Exercise brief - Set down the data below without change, skipping the pictures it holds.

Information shown -
···
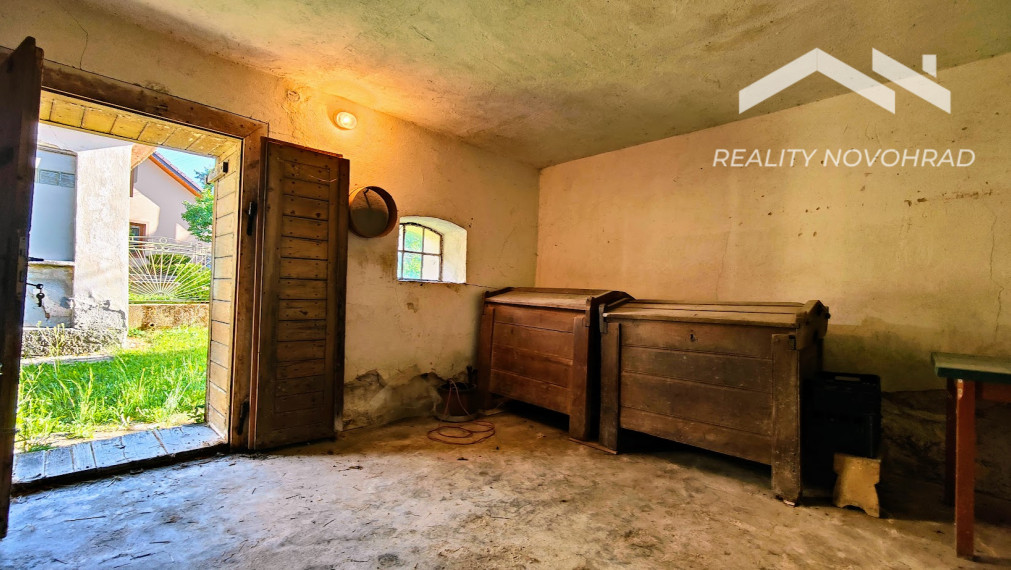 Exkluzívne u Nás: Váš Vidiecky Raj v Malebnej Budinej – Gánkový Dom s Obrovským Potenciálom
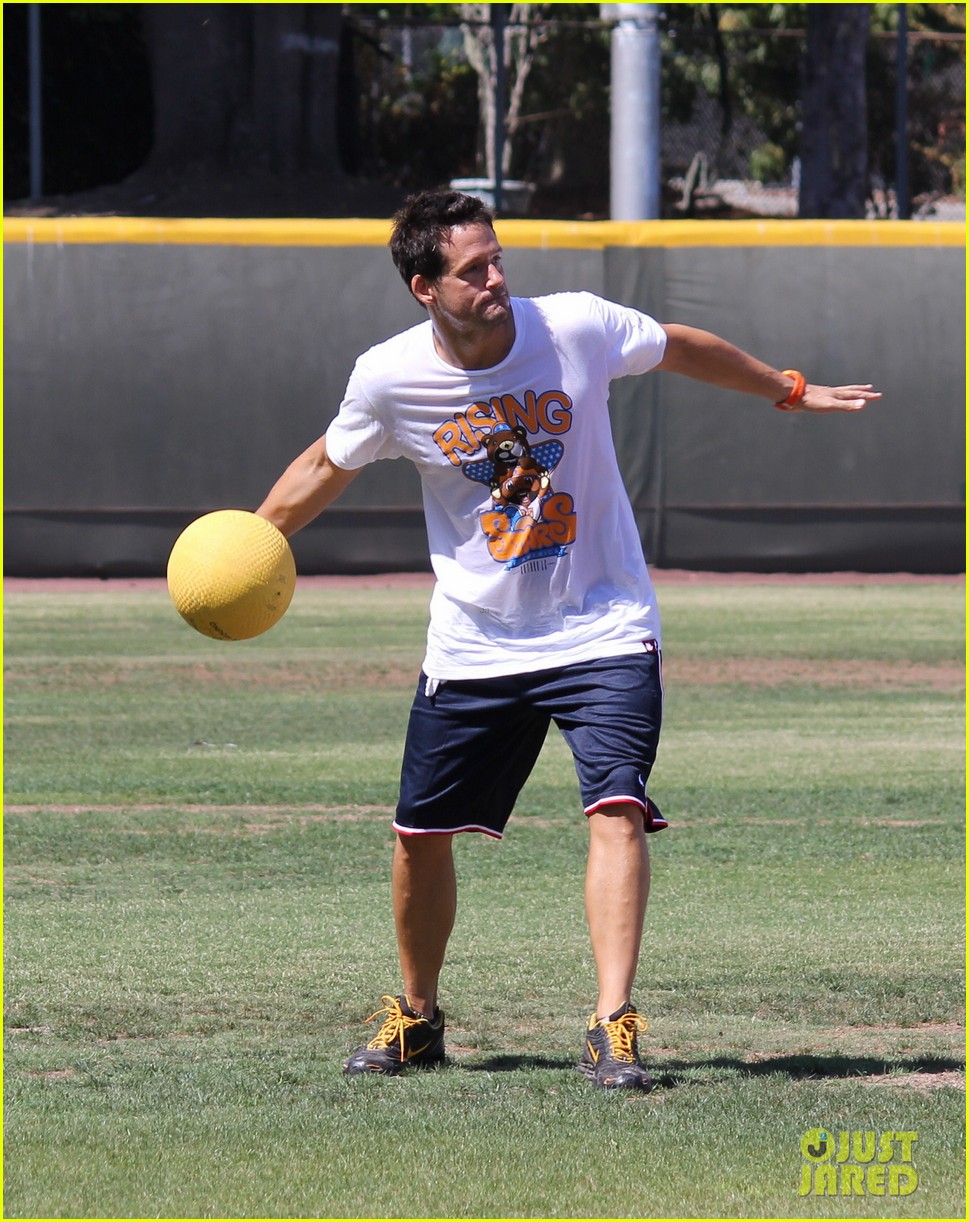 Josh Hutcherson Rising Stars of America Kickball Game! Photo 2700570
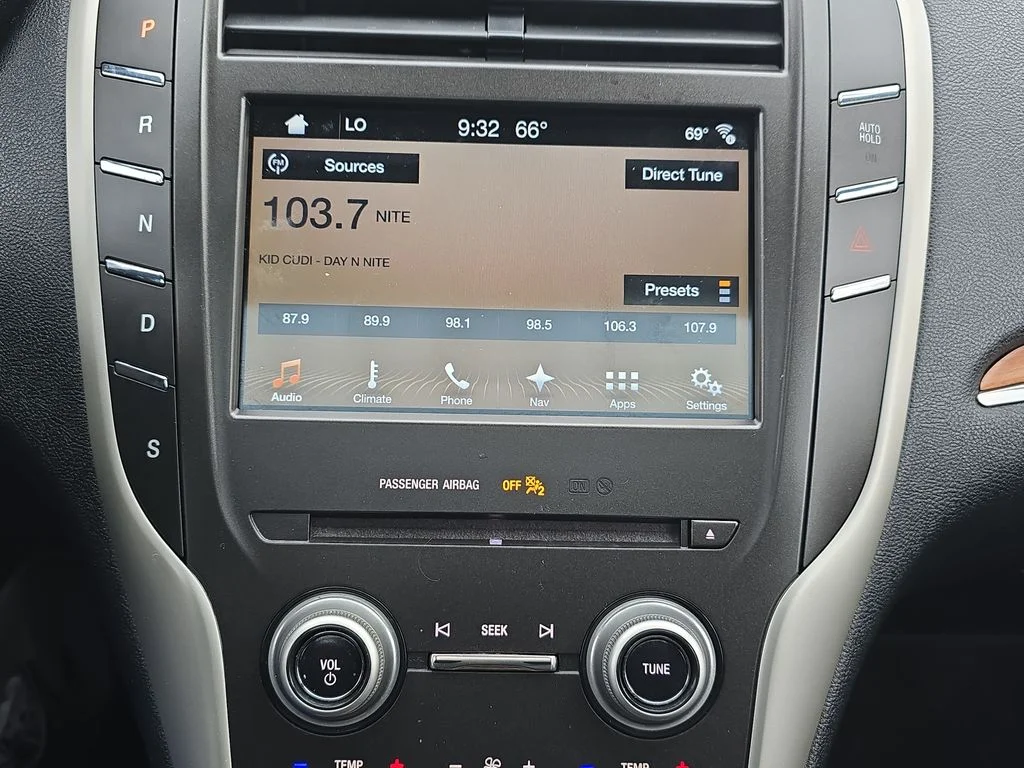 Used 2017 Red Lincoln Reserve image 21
···
Your solution -
 Exkluzívne u Nás: Váš Vidiecky Raj v Malebnej Budinej – Gánkový Dom s Obrovským Potenciálom
 Josh Hutcherson Rising Stars of America Kickball Game! Photo 2700570
 Used 2017 Red Lincoln Reserve image 21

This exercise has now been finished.